DOUBLE EXPOSURE

by Khristina Lew


Rhapsody in Orange

It's been five weeks since Viktor Yushchenko's triumphant visit to the United States as the extraordinarily elected president of Ukraine, and the days of orange balloons and saffron neckties are behind us. Mr. Yushchenko's administration has long rolled up its sleeves and settled into the hard work ahead, but for a moment, let's bask in the exuberance of those three heady days in April.

As a reporter and a photographer, I'm in the unique position of watching history as it unfolds, very often behind the lens of my very old Nikon. It's an advantageous place to be - you're invisible to your subject behind the sharp flash, and you get drawn into a private realm that few others see. This is the payback for the sometimes countless hours you spend waiting to capture the perfect image, jostling with other photographers who are trying to do the same.

Viktor Yushchenko is a curious subject. He is serious and single-mindedly determined to create a better Ukraine than he inherited. During the two days that I photographed him in Washington for Svoboda (the UNA's Ukrainian-language newspaper), he repeatedly talked about how, after a rocky start, Ukraine was ready to take its rightful place at the center of Europe; how even though it had achieved independence in 1991, Ukraine was not truly free until now; about how the Orange Revolution gave voice to the true character of the Ukrainian people.

Mr. Yushchenko speaks with conviction, yet I couldn't help wondering how it was that he galvanized hundreds of thousands to protest in the snow of Kyiv's Independence Square. Then I saw him at Georgetown University. He had delivered a speech to a packed auditorium of Georgetown students, outlining his vision for the future of Ukraine. Afterwards, a group of 30 or so students milled about his limousines, and I overheard one saying to the other, "I expected him to be more dynamic."

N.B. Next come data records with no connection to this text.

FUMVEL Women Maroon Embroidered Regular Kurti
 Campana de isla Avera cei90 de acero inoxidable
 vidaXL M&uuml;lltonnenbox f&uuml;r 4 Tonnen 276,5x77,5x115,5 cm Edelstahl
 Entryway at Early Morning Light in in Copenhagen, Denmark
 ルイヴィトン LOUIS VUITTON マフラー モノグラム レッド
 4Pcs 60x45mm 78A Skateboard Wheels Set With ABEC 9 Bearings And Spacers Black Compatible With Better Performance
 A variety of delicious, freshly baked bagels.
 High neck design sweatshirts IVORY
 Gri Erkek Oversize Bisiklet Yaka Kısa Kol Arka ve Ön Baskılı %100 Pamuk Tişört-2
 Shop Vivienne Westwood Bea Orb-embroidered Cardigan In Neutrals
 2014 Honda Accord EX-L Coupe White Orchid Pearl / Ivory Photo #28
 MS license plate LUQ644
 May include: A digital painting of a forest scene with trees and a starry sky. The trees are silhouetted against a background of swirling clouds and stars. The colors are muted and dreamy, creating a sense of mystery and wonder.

When he came out of the building a few minutes later, these very same students - none Ukrainian - burst out chanting "Yushchenko! Yushchenko!" And suddenly President Yushchenko came alive, making his way into the crowd, smiling, holding out his hands to greet his well-wishers. It was a spontaneous, unscripted moment, and it was awesome.

There were one or two other moments during his very tight, very scripted next full day in Washington, on April 6: the solemnity and grace with which he accepted a gift from the director of the United States Holocaust Memorial Museum, right after lighting candles for the victims of Babyn Yar and Auschwitz in the Hall of Remembrance, or the genuine warmth he expressed for former Czech President Vaclav Havel when they greeted one another at a reception in the Ukrainian president's honor hosted by the National Democratic Institute and the International Republican Institute at the Willard Hotel.

The defining moment for me came at the concluding banquet for 1,200 held at the Omni Shoreham Hotel. The president got up to deliver his keynote address, the fifth speech I would hear him give in two days. He hit all his talking points, and then he switched gears and began talking about the early days of the Orange Revolution. He said, and I paraphrase, that he himself wasn't sure that it all wouldn't end in violence and confusion, that it was only through God's blessing that the will of the Ukrainian people triumphed. He gave the audience a moment to absorb his confession, and then he moved on to another topic.

I don't know if it was the allusion to divine intervention or the admission of doubt, but, for me, a leader was born, and suddenly the snow wasn't so cold anymore.